The glasses themselves are the same quality as the plastic sunglasses/reading glasses that you can pick up anywhere but they do have a comfortable, large rubber nose piece.   I figure that the nose piece is a "must" in order so that the added weight from the binocs/spot light doesn't tear up the bridge of your nose.  I was expecting this quality level, considering the price, so I don't consider that a drawback.  I do need to point out though that there is an inherent drawback to these glasses and that is they are NOT safety glasses or safety rated in any way as they were never intended to stop more than tooth swarf and spittle.   A little more on this point later.

The mounting bracket and tubes for the optics are plastic as well but it appears that the lenses are glass.  The is a knob on the top to change the width to match your eyes.  It took me a minute or two of fooling around with it to get them set properly (it went much faster after I took the lense caps off ).  Once adjusted I found that the optics are fairly good.  The focal length is roughly 14" or so and the image is well magnified.  I'm pretty sure the 3.5x is accurate.  As I stated before, this extended focal length is what I was looking for.  I too often find myself leaning over the mill with my head cocked to try and see how close I'm getting to the scribed line as I'm turning the crank or have my hand on the power feed.  I'm expecting these to allow me to keep my face another 8" or so away from the action.  I expect they will also have applications where I'm am doing setups on both the lathe and mill.  Time will tell.

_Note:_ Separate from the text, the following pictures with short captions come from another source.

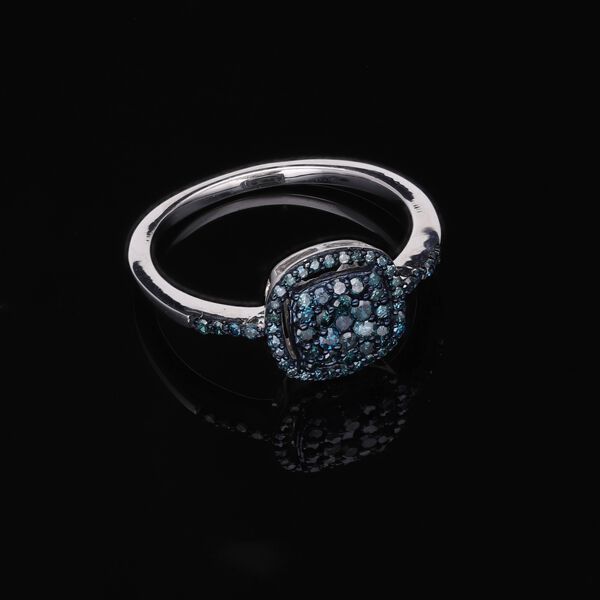 Blauer Diamant P3 Ring, 925 Silber platiniert (Größe 19.00) ca. 0,50 ct image number 1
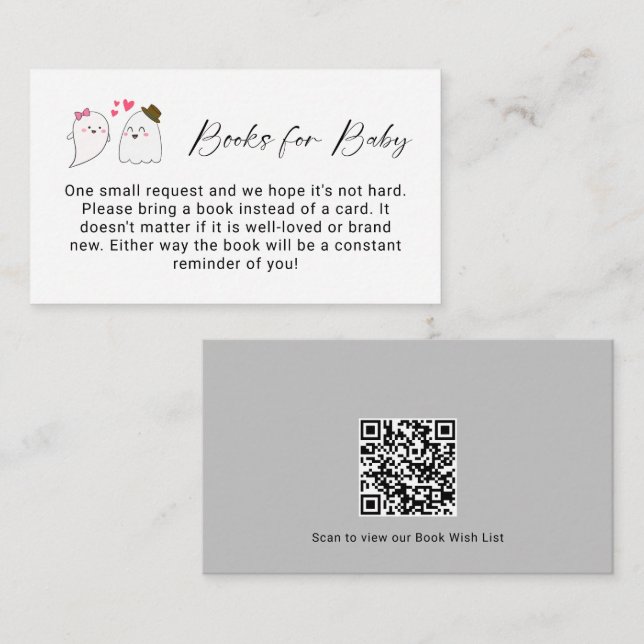 Tarjeta De Recepción Libros para Baby Little Boo Cae Baby Shower QR Cod (Anverso / Reverso)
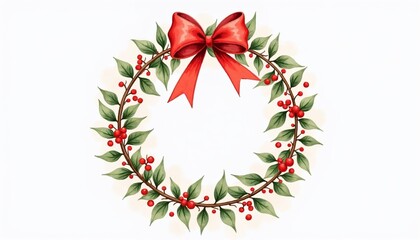 Festive Christmas wreath with red bow and berries on white background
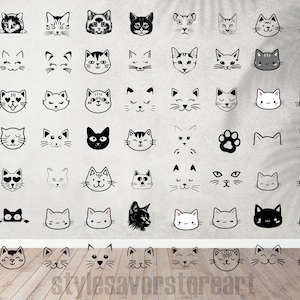 猫の顔 SVG バンドル | かわいい子猫の顔 SVG、かわいい猫の顔 SVG、猫の顔 SVG、顔 SVG、猫 SVG バンドル、猫の画像、子猫 SVG Cricut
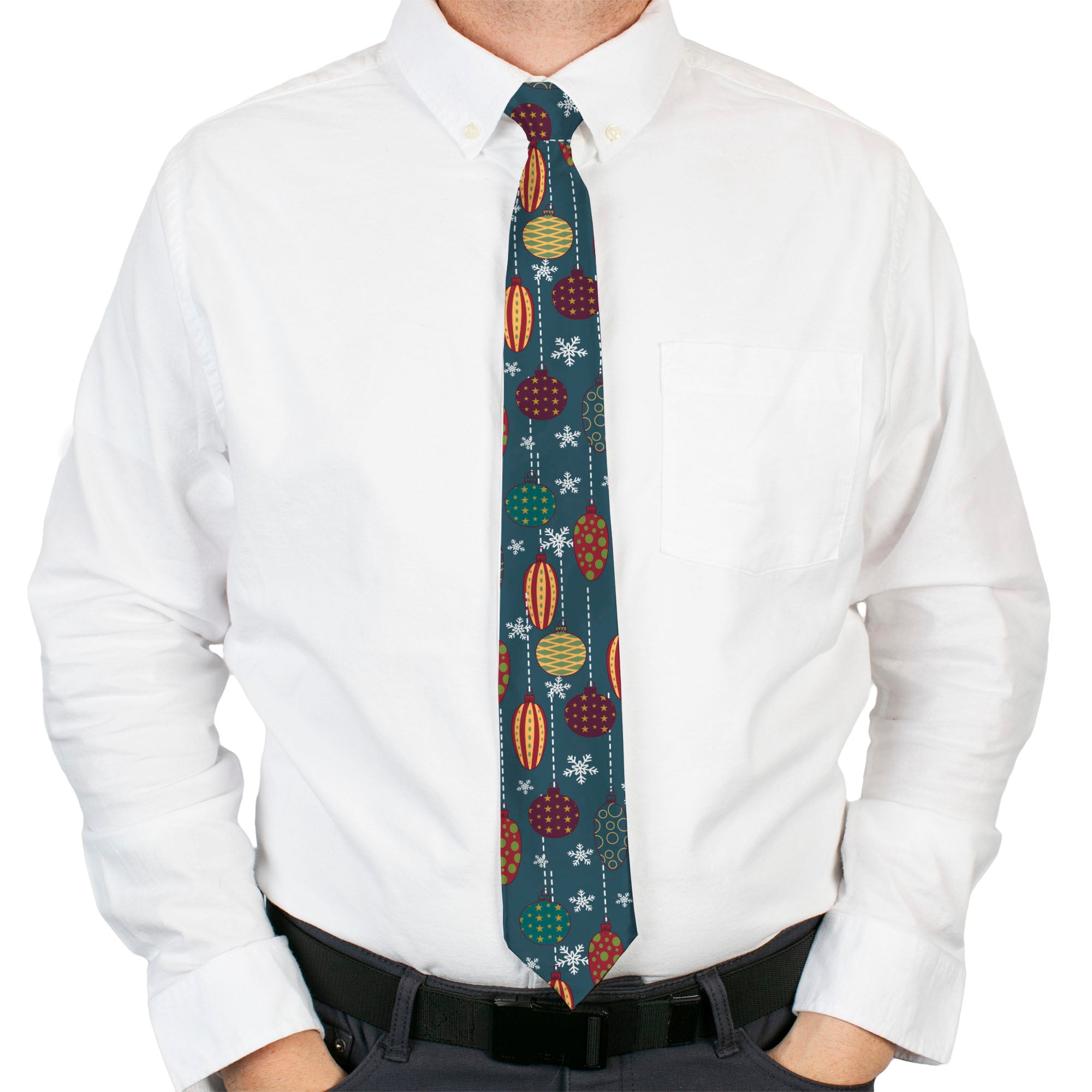 Buckle-Down Necktie - Christmas Ornaments/Snowflakes Blue/White/Multi Color Neckties Buckle-Down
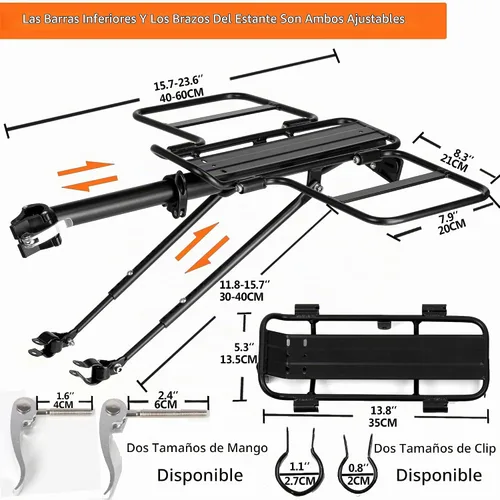 Vista 6 de Foldable Wide Wings Bike Cargo Rack, Quick Release, Universal, Large Capacity, Height Adjustable Fit 24'-29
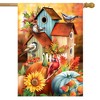 Briarwood Lane Fall House Flag 40x28 For Outdoor Fall Floral Birdhouses For Fall House Flag - 2 of 4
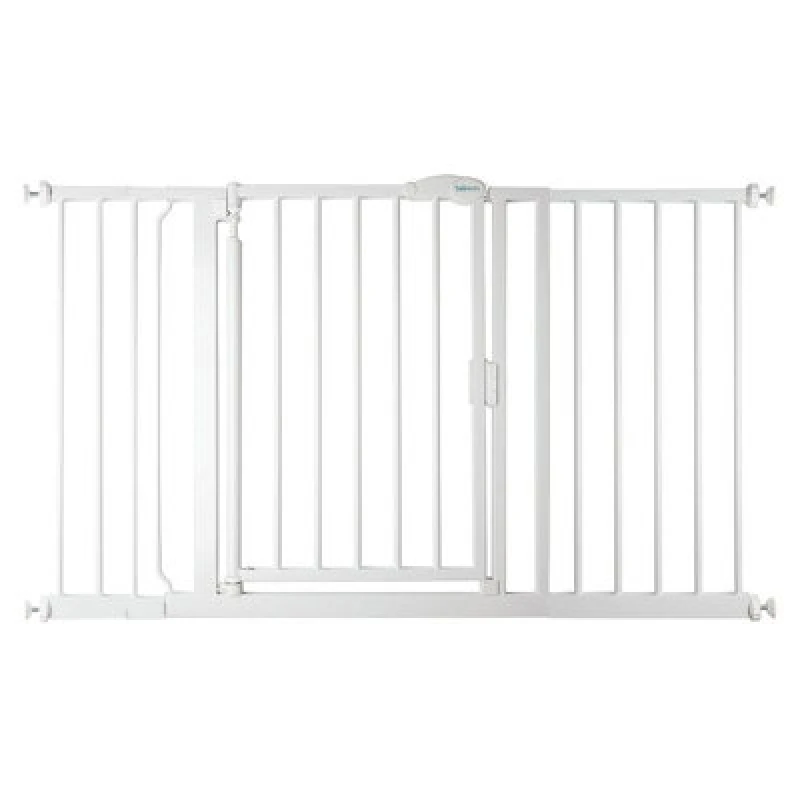 Image of Safetots Pressure Fit Self Closing Stair Gate, 132.6Cm - 139.6Cm, White, Auto Closing Baby Gate, Safety Barrier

I haven't had a chance to use them yet but at this point I'm pretty happy with my purchase especially given the price that I paid.  Here is the original listing that I bought from on ebay: Black Dental Surgical Binocular Loupes  The only difference that I see from the picture is that there are no knurled knobs on the tops of each loupe.  The do pivot slightly on the back screw instead.  If you look on ebay these things are listed all over the place, in different colors, different packages, etc. so while I am happy with the one I selected I'm sure there are many others that are just as good.  I'm pretty sure they all come from the same factory.

Now, as to them not being safety rated.  Once I see how well they work in my routines I'll consider a couple of options.  Either trying to find some certified lenses that will fit, or can be modified to fit, in the frames (unlikely but hey, it's worth a try) or to see if the binocs can be mounted to a pair of normal safety glasses.  I don't think it would be too difficult to make a small adapter for them.  Another "mod" that I will consider is to "reverse engineer" the whole binoc assembly (less the lenses) and make it out of aluminum.  Again, seems like it would be relatively simple to fabricate although the list of projects I need to get done first is so long it will be a while before that is even considered.

If you have any questions just let me know.  I'll post more about my impressions of using them once I'm in the shop and getting them dirty.

-Ron


----------



## george wilson (Jan 17, 2014)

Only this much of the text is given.